Exercise prompt
The answer must be the lines from the one containing "this 896×1340 image." through the last line of the data below, copied exactly, with nothing else.

(Source data)
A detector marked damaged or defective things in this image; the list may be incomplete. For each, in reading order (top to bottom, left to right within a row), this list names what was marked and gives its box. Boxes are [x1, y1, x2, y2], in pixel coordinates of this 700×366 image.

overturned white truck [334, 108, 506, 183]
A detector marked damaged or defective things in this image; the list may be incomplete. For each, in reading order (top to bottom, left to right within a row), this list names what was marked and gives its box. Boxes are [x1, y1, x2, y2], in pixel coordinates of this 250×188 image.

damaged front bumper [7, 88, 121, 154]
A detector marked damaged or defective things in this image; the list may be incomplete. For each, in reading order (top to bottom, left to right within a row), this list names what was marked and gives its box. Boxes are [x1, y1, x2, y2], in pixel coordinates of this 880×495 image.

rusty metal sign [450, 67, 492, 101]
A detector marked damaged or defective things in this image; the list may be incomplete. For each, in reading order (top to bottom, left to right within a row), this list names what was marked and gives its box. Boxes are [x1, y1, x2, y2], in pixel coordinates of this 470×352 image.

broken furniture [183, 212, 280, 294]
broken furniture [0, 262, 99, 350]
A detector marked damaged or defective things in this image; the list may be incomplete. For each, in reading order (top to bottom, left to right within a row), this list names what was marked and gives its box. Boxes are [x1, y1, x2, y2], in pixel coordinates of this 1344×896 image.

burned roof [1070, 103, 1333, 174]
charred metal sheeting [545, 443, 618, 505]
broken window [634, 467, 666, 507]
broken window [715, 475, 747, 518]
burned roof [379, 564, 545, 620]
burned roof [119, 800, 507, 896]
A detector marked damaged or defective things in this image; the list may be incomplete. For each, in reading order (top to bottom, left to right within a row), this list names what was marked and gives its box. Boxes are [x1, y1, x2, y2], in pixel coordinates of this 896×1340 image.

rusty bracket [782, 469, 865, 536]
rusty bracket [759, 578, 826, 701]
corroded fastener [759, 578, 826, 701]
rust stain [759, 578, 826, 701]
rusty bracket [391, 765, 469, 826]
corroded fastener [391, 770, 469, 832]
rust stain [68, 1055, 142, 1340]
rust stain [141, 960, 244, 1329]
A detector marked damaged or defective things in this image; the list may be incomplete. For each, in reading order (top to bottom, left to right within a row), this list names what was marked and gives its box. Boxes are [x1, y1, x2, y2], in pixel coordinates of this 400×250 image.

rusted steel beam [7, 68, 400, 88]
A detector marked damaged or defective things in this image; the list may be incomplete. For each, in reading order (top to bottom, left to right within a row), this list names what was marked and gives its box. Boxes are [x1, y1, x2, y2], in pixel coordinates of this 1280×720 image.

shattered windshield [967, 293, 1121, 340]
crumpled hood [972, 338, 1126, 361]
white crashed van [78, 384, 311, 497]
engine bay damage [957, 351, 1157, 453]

Expected output
A detector marked damaged or defective things in this image; the list may be incomplete. For each, in reading order (top to bottom, left to right within a row), this list names what was marked and gives its box. Boxes are [x1, y1, x2, y2], in pixel coordinates of this 896×1340 image.

rusty bracket [782, 469, 865, 536]
rusty bracket [759, 578, 826, 701]
corroded fastener [759, 578, 826, 701]
rust stain [759, 578, 826, 701]
rusty bracket [391, 765, 469, 826]
corroded fastener [391, 770, 469, 832]
rust stain [68, 1055, 142, 1340]
rust stain [141, 960, 244, 1329]
A detector marked damaged or defective things in this image; the list may be incomplete. For each, in reading order (top to bottom, left to right within a row), this list names what was marked and gives its box. Boxes are [x1, y1, x2, y2], in pixel coordinates of this 400×250 image.

rusted steel beam [7, 68, 400, 88]
A detector marked damaged or defective things in this image; the list may be incomplete. For each, in reading order (top to bottom, left to right within a row), this list names what was marked and gives its box. Boxes are [x1, y1, x2, y2], in pixel coordinates of this 1280×720 image.

shattered windshield [967, 293, 1121, 340]
crumpled hood [972, 338, 1126, 361]
white crashed van [78, 384, 311, 497]
engine bay damage [957, 351, 1157, 453]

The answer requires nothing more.